KELLY MCEVERS, HOST:
Today is the International Day of Happiness. The United Nations had an event to mark the occasion, and it released the 2017 World Happiness report. Now, the idea of ranking countries by their levels of happiness might seem a bit weird. Surely there are always some people who are miserable while others are thriving. NPR's Allison Aubrey investigates.
ALLISON AUBREY, BYLINE: Every year, researchers ask people in 155 countries to evaluate their lives. They ask a range of questions aimed at understanding key factors that contribute to a happy life. For example...
JOHN HELLIWELL: It's a simple question - yes or no. In times of trouble, do you have family or friends to count on?

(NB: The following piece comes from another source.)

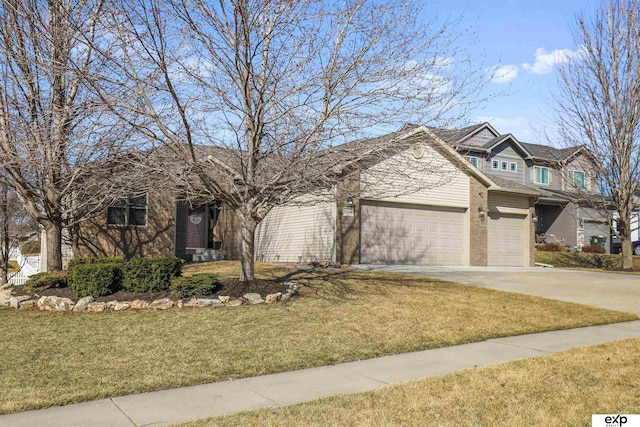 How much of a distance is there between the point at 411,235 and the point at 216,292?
448 inches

AUBREY: He says the other questions look at health, education, income, as well as levels of freedom and trust in government. And who comes out on top?
HELLIWELL: The top country this year is Norway, followed by Denmark, Iceland and Switzerland.

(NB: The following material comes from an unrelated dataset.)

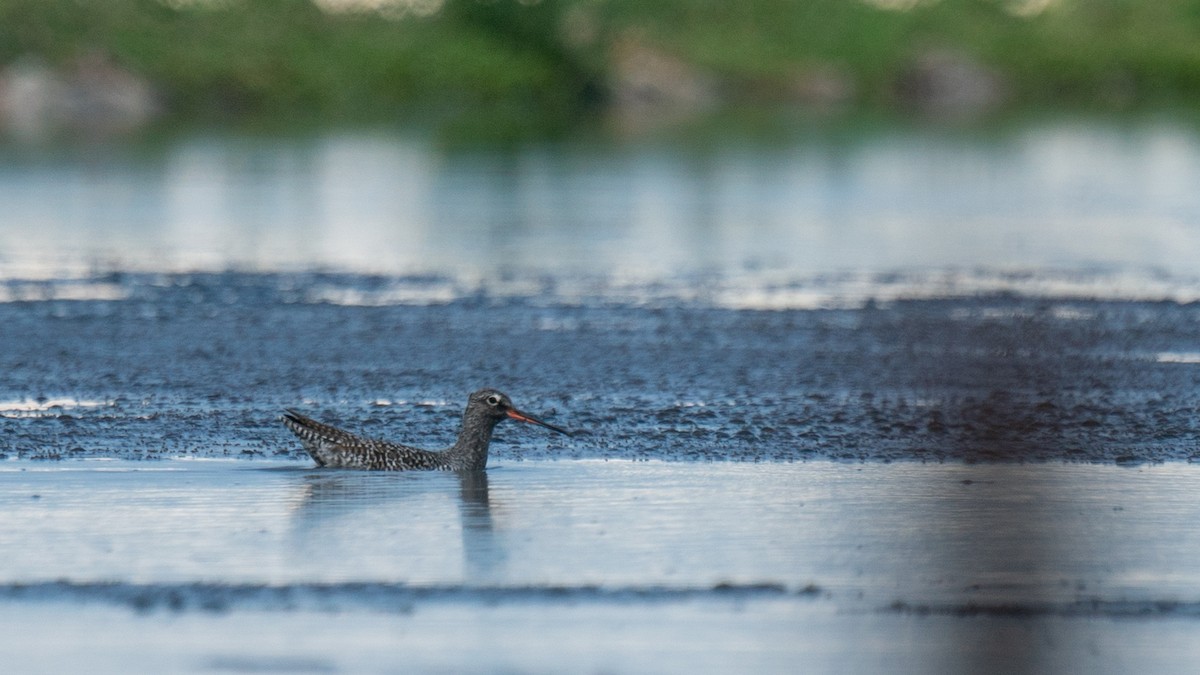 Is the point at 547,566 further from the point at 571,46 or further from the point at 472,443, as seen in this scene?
the point at 571,46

AUBREY: So what makes a country happy? I was curious, so I made a phone call.
(SOUNDBITE OF DIAL TONE)
UNIDENTIFIED WOMAN: Norwegian Embassy. Good afternoon.
AUBREY: I was put through to Jon Oyslebo. He's the minister of cultural affairs. And why does he think Norwegians top the list?
JON OYSLEBO: I'm quite sure that access to free higher education, access to high-quality health services would be part of it.
AUBREY: There's also generous social support programs. For instance, new parents are entitled to almost a year of leave with pay. And the physical surroundings are beautiful, too.
OYSLEBO: Space, fresh air (laughter). I think Norwegians have many, many reasons to be satisfied.
AUBREY: Another factor of course is the economy. Overall, Norway is a pretty wealthy country in part due to oil. But even though oil prices have declined, Norwegians' level of happiness has risen.
OYSLEBO: Absolutely there is more to it than money.
AUBREY: At a time when income inequality has expanded in many countries, Norway has no big gap between rich and poor. And there's no big gender gap either.
TAL BEN-SHAHAR: I think the interesting thing about the happiness index is what we can learn from it and, more importantly, what we can apply.
AUBREY: That's Tal Ben-Shahar. For years he taught a course on the science of happiness at Harvard. This year, the U.S. is ranked 14th on the global happiness index, slipping one spot from last year. Ben-Shahar says this isn't a big deal. After all, the survey relies on blunt measures. But he says the divisiveness created by our political climate seemed to play a role.
BEN-SHAHAR: There is less trust today in the political system in the United States. There is distrust among people because - a feeling of us versus them.
AUBREY: He says there's lots of science to show that the loss of trust can erode people's sense of well-being.
BEN-SHAHAR: One of the most important determinants of happiness is trust.
AUBREY: And without a sense of shared values, it can be a challenge to rebuild that trust. Allison Aubrey, NPR News.
(SOUNDBITE OF SONG, "HAPPY")
PHARRELL WILLIAMS: (Singing) It might seem crazy what I'm about to say. Sunshine - she's here. You can take a break. I'm a hot air balloon that could go to space - with the air like I don't care, baby, by the way because I'm happy. Clap along if you feel like a room without a roof. Clap along if you feel like...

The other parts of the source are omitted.